Which isn't to say she can't be a pain in the ass, because she can.  Janie and the cats would all be perfectly happy if she wasn't around.  On the other hand, there was the time Janie was scared to the point of crying, and Bella gently climbed onto her lap and carefully licked away her tears.  And though Staley--who, incidentally, is one of the greatest cats in the history of the species--doesn't exactly like the dog, the two of them are nuzzling each other even as I write this.

The main thing bout Bella--look, I'm kind of reluctant to bring this up, because it sounds like so much sentimental bullshit, or feel-good semi-mystical hooha, or something.  But it's to do with the day she came into my life.  I'm quite sure Tabbatha wasn't giving any thought to the fact that I was going through my annual Mom's Birthday Sadness when she called to tell me about this adorable puppy.  That was on a Friday night, and I didn't care to head out that night, waiting instead until the next day to take a look--April 10th.

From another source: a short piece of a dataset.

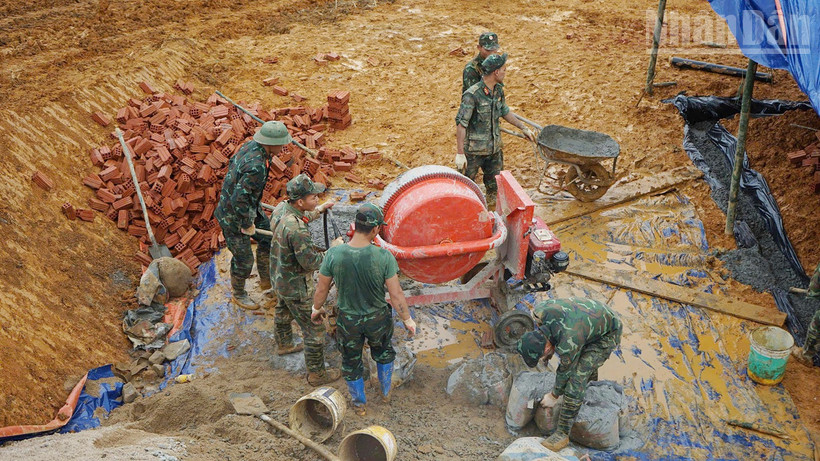 Sôi nổi trên công trường Mô Rỗi.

As I drove home with this tiny, helpless beagle snuggled against my side--the last time she'd be so calm in my presence!--the day was suddenly transformed.  No longer would April 10th be a signifier of the loss of the most important person in my life.  It would be a day celebrating a new chapter, a day of joy, of happiness.

Of life.

Tuesday, April 05, 2011


I'm no prude, okay?  Nor am I some Bill O'Reilly conservative type, or a fundamen6talist Christian nutjob.  Nonetheless, I must ask: Do we need jokey cameos from Hugh Hefner in a movie aimed at kids?

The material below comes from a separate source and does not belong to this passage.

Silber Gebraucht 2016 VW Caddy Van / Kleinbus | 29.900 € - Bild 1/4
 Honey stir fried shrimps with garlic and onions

I'm speaking, of course, of Hop, the new animated/live-action mongrel that is, as the ads proclaim with a certain level of pride, "from the director of Alvin & The Chipmunks," which you may remember as the movie in which semi-beloved characters from an earlier era are reduced to eating shit and conspiring to get their human buddy laid.  So expectations are already low.

Still, this is a movie about the Easter Bunny, which is one of those childhood concepts that ceases to have any significance once you reach the age of, I dunno, seven or so.  So presumably, if you're making a movie about the Easter Bunny, you're setting your sights on really young kids as your target audience.

Now I realize that when millions and millions of dollars are spent on a movie, it has to try to reach as large an audience as possible.  Presumably the filmmakers wanted to provide some sort of entertainment for the adults who are accompanying all those kids.  They could have done this by creating a well-crafted, witty film that would enrapture everybody, the kind of thing Pixar can do without even trying.

Or they could take the most cynical route imaginable and make a bunch of cheap semi-dirty jokes, trot out the likes of Hefner and the deplorable Chelsea Handler, and give audiences a cameo from David Hasselhoff because...wait.  Why would you do any of that?  Even for b-level celebrities, haven't Handler and Hasselhoff long passed their sell-by date?  Would anybody in any audience conceivably welcome their presence?

Probably not, but it's not like the maker of Hop give a sweet shit.  If they did, they would have made a good movie.